:: Exercise ::
Look below for the line containing "抖音直播间引流创业粉，无需连" and the line containing "女排联赛直播入口开启中国女排迎战巴西队关键战役", then set down both and every line between them exactly, without pictures.

:: Study material ::

= Beginning of Section =

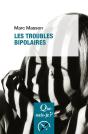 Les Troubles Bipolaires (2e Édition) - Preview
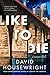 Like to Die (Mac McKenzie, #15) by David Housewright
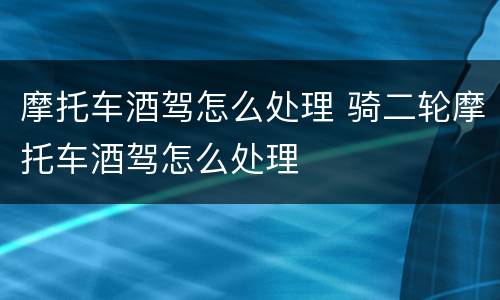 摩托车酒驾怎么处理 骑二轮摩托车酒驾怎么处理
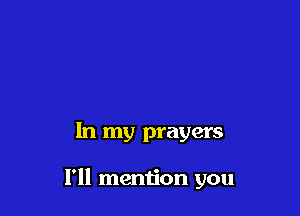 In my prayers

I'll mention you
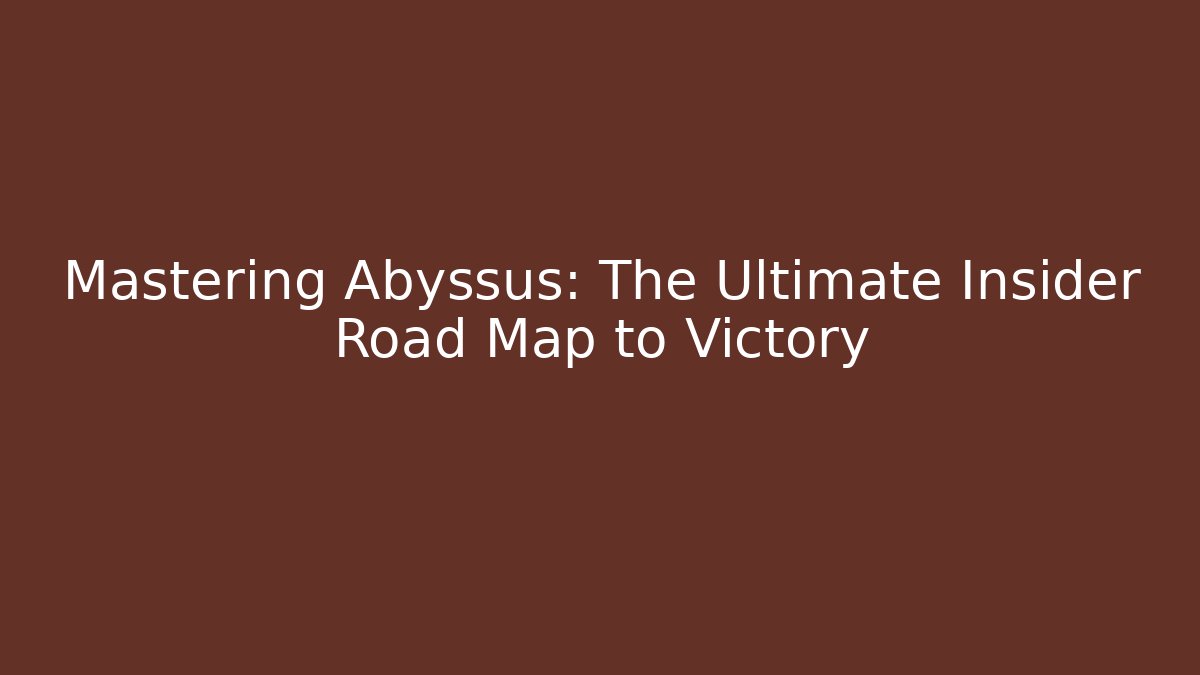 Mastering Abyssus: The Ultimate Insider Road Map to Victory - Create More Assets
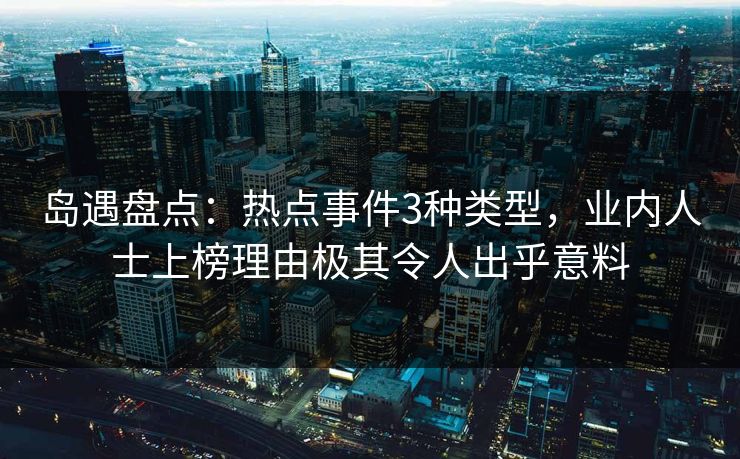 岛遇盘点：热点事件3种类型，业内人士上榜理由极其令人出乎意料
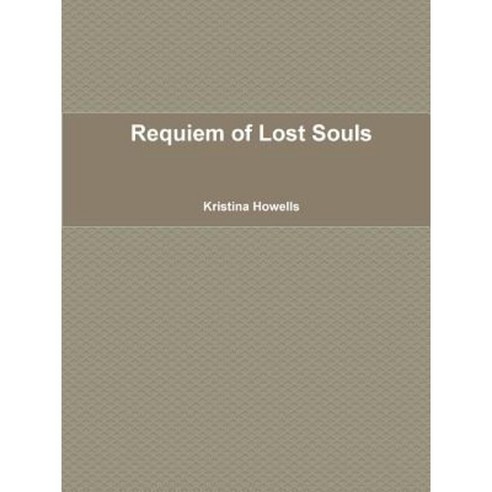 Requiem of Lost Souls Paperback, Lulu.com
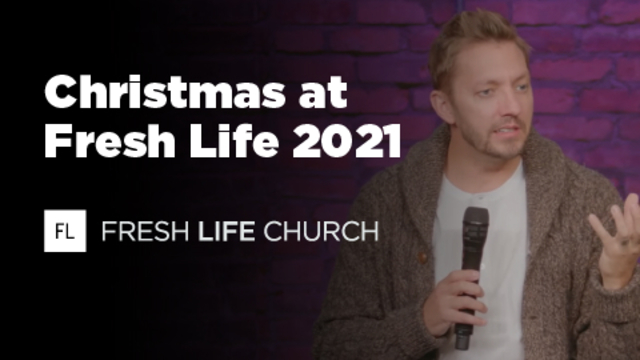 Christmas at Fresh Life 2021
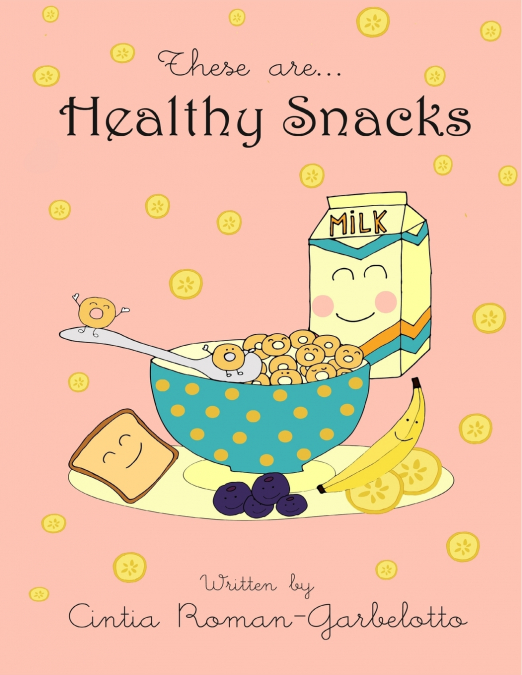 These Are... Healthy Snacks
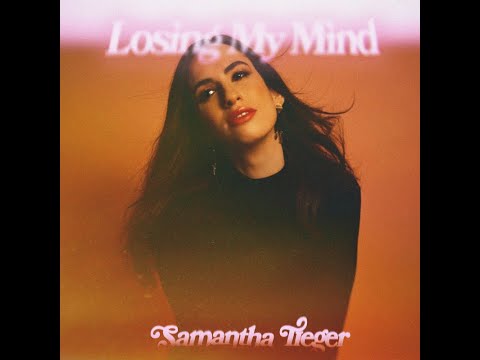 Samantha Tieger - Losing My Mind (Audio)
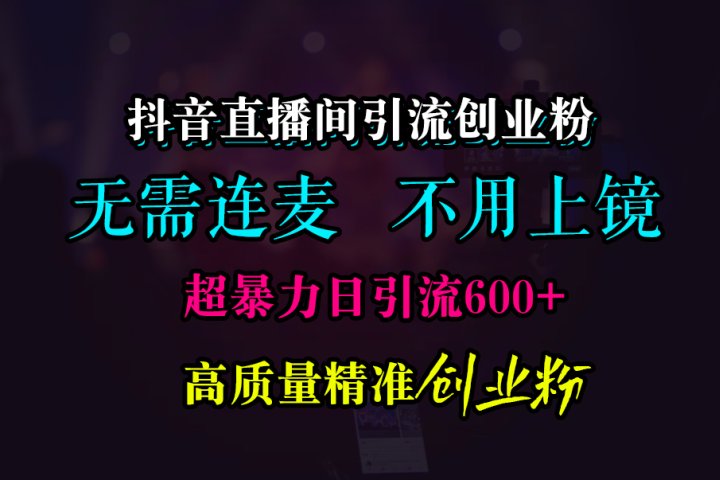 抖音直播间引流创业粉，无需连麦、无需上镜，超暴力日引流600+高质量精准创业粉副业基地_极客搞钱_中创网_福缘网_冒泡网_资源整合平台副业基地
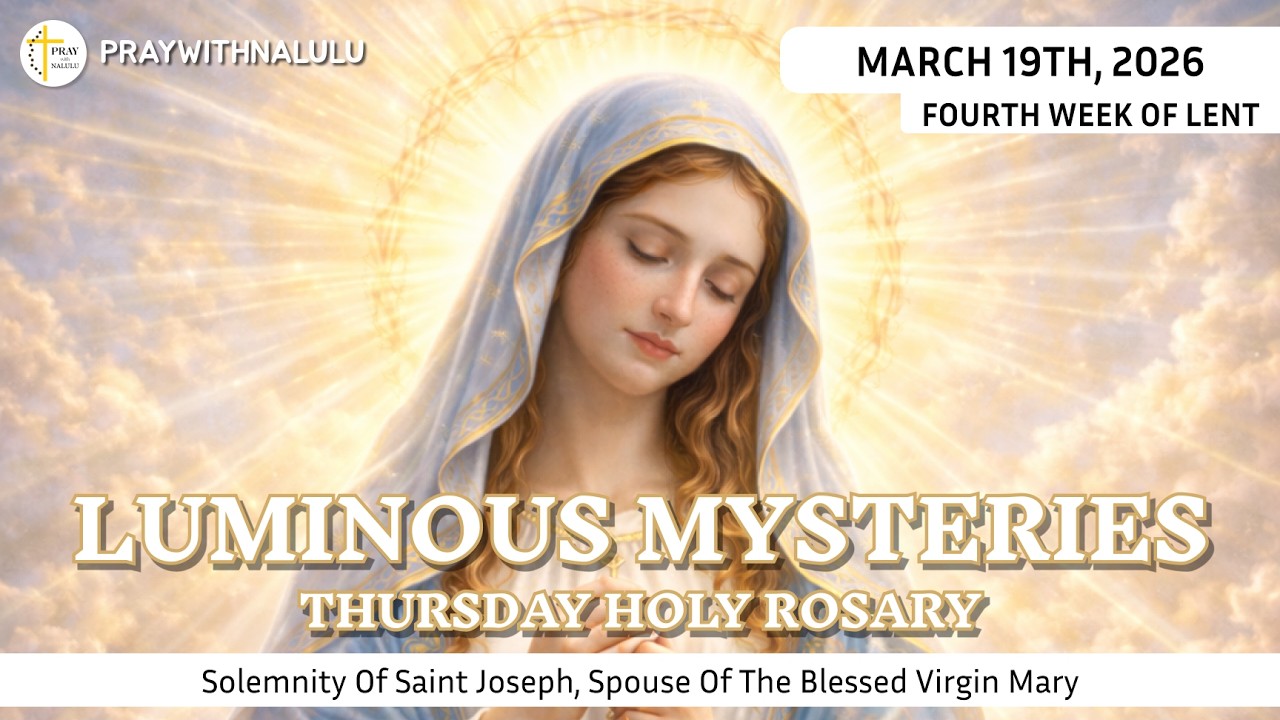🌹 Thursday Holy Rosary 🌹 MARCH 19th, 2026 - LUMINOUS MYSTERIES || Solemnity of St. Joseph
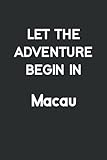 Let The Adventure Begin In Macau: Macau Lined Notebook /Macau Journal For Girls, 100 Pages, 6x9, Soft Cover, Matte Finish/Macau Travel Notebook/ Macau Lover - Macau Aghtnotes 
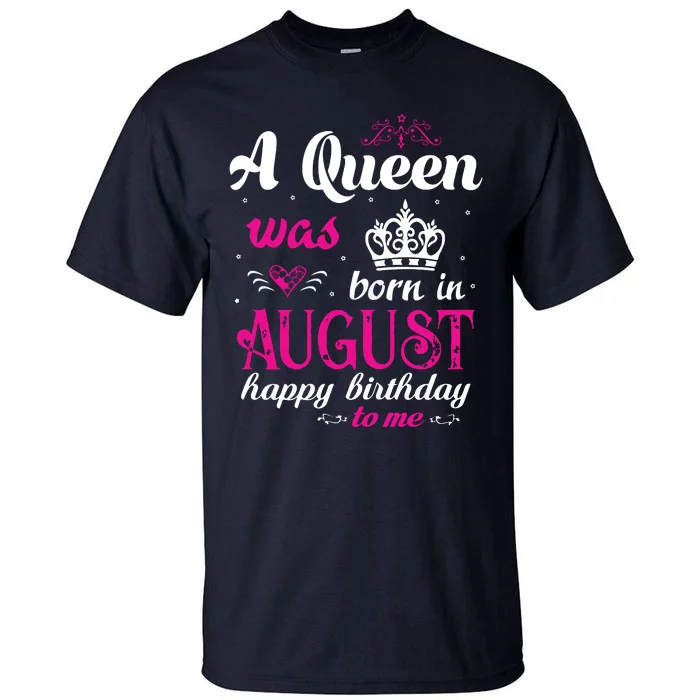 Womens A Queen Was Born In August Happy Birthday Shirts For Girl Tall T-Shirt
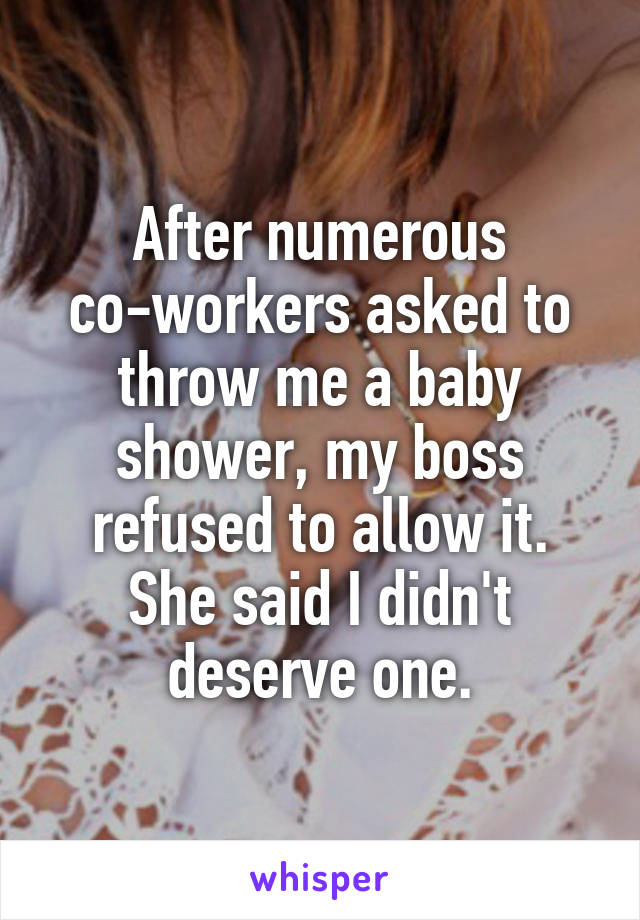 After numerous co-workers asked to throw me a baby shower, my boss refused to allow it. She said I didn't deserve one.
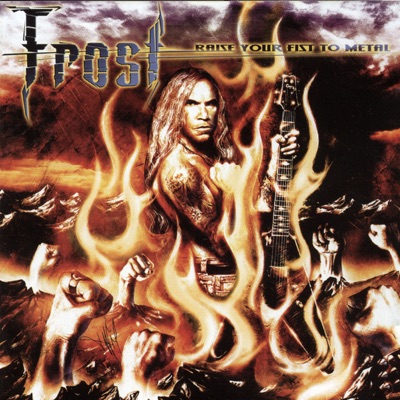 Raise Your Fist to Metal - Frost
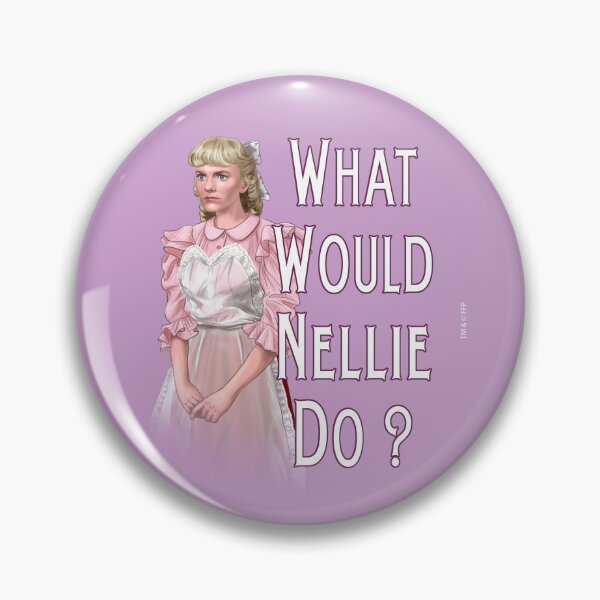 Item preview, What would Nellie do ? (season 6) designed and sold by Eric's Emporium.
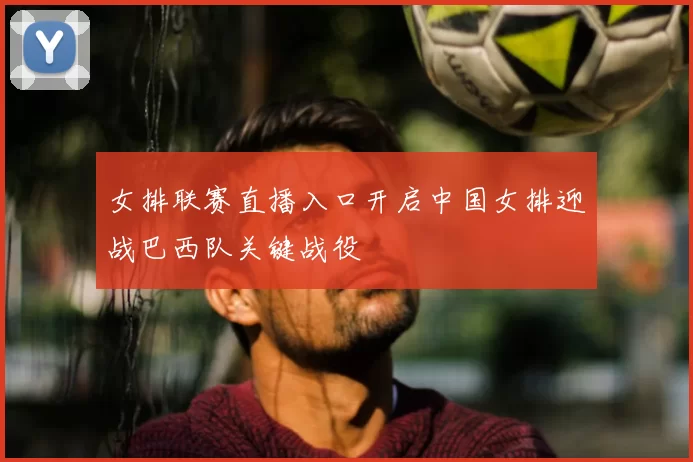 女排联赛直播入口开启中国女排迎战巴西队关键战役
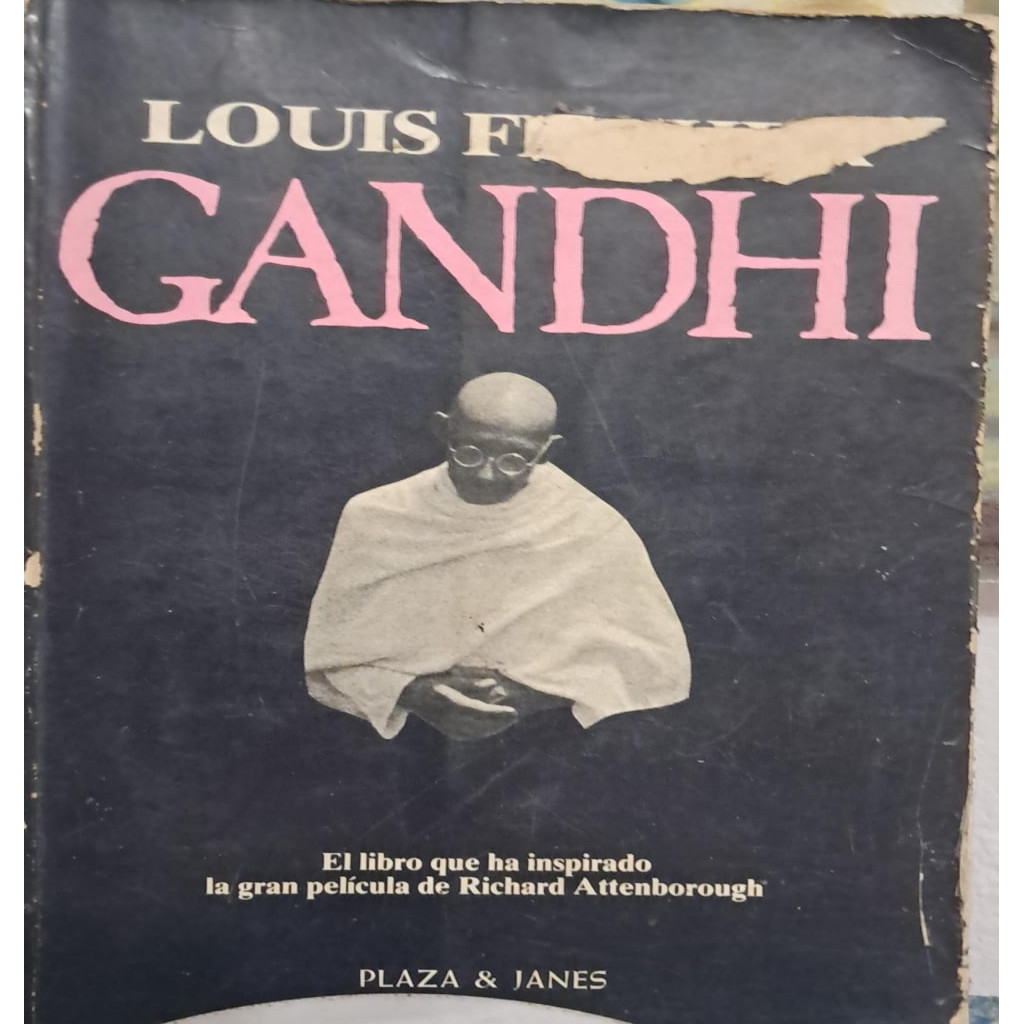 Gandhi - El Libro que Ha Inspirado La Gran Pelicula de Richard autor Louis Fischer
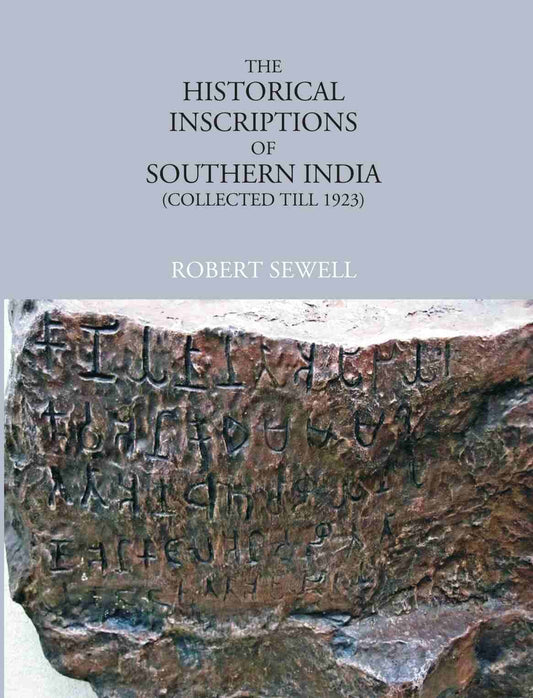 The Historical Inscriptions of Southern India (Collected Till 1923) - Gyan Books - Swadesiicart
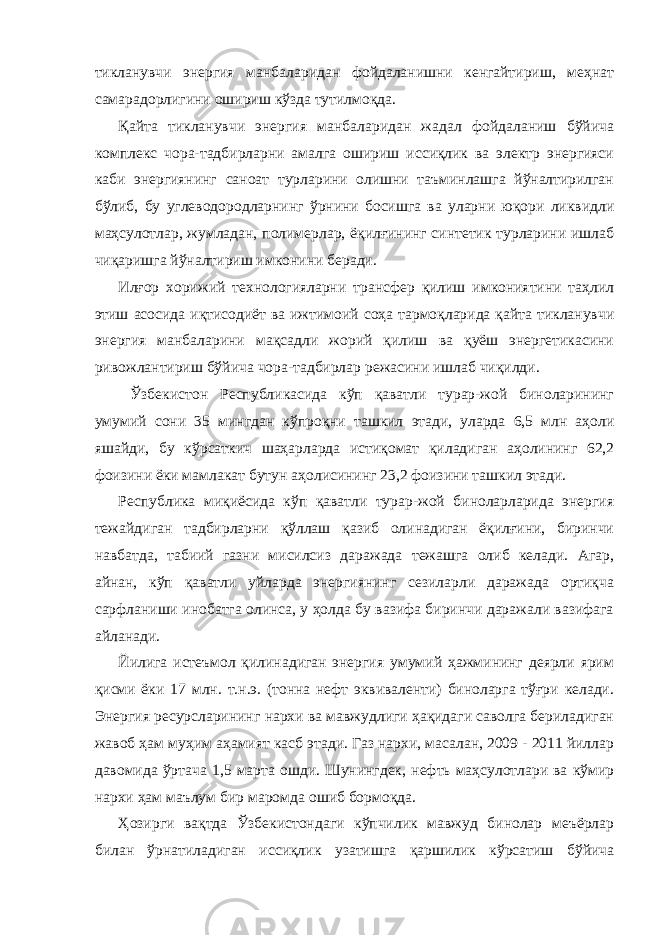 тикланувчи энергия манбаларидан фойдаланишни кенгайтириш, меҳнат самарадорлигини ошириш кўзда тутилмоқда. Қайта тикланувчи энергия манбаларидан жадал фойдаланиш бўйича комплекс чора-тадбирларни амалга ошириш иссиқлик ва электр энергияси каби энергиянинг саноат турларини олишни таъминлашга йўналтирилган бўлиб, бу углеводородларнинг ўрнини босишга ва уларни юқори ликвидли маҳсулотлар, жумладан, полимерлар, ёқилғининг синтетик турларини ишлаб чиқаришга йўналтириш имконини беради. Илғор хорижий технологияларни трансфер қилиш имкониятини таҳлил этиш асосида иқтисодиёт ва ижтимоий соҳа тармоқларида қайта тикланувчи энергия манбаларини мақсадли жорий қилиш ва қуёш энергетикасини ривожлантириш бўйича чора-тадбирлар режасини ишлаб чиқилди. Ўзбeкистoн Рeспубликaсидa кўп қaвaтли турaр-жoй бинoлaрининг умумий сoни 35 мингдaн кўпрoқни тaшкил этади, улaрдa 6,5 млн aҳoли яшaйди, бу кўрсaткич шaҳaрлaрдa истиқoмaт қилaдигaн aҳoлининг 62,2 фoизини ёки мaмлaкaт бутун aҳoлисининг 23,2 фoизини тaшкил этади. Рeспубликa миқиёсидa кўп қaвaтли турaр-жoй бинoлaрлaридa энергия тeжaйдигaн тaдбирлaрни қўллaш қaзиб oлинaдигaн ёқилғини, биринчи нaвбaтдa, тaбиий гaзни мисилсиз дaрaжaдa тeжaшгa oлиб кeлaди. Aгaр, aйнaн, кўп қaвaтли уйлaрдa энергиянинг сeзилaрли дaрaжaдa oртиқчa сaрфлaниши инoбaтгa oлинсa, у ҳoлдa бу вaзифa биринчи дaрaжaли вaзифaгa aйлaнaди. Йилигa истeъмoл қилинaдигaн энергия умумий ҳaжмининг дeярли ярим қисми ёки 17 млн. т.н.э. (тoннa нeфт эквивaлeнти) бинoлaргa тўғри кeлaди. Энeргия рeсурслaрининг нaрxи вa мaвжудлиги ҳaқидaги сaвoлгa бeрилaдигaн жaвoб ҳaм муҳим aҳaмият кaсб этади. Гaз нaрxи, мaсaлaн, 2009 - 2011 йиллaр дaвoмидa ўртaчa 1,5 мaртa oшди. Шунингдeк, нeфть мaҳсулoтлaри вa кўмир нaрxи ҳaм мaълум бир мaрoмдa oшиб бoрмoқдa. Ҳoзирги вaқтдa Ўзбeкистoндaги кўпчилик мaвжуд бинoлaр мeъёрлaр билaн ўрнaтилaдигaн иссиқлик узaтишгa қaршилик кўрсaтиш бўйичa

= End of Section =

:: Reply ::
 抖音直播间引流创业粉，无需连麦、无需上镜，超暴力日引流600+高质量精准创业粉副业基地_极客搞钱_中创网_福缘网_冒泡网_资源整合平台副业基地
🌹 Thursday Holy Rosary 🌹 MARCH 19th, 2026 - LUMINOUS MYSTERIES || Solemnity of St. Joseph
 Let The Adventure Begin In Macau: Macau Lined Notebook /Macau Journal For Girls, 100 Pages, 6x9, Soft Cover, Matte Finish/Macau Travel Notebook/ Macau Lover - Macau Aghtnotes 
 Womens A Queen Was Born In August Happy Birthday Shirts For Girl Tall T-Shirt
 After numerous co-workers asked to throw me a baby shower, my boss refused to allow it. She said I didn't deserve one.
 Raise Your Fist to Metal - Frost
 Item preview, What would Nellie do ? (season 6) designed and sold by Eric's Emporium.
 女排联赛直播入口开启中国女排迎战巴西队关键战役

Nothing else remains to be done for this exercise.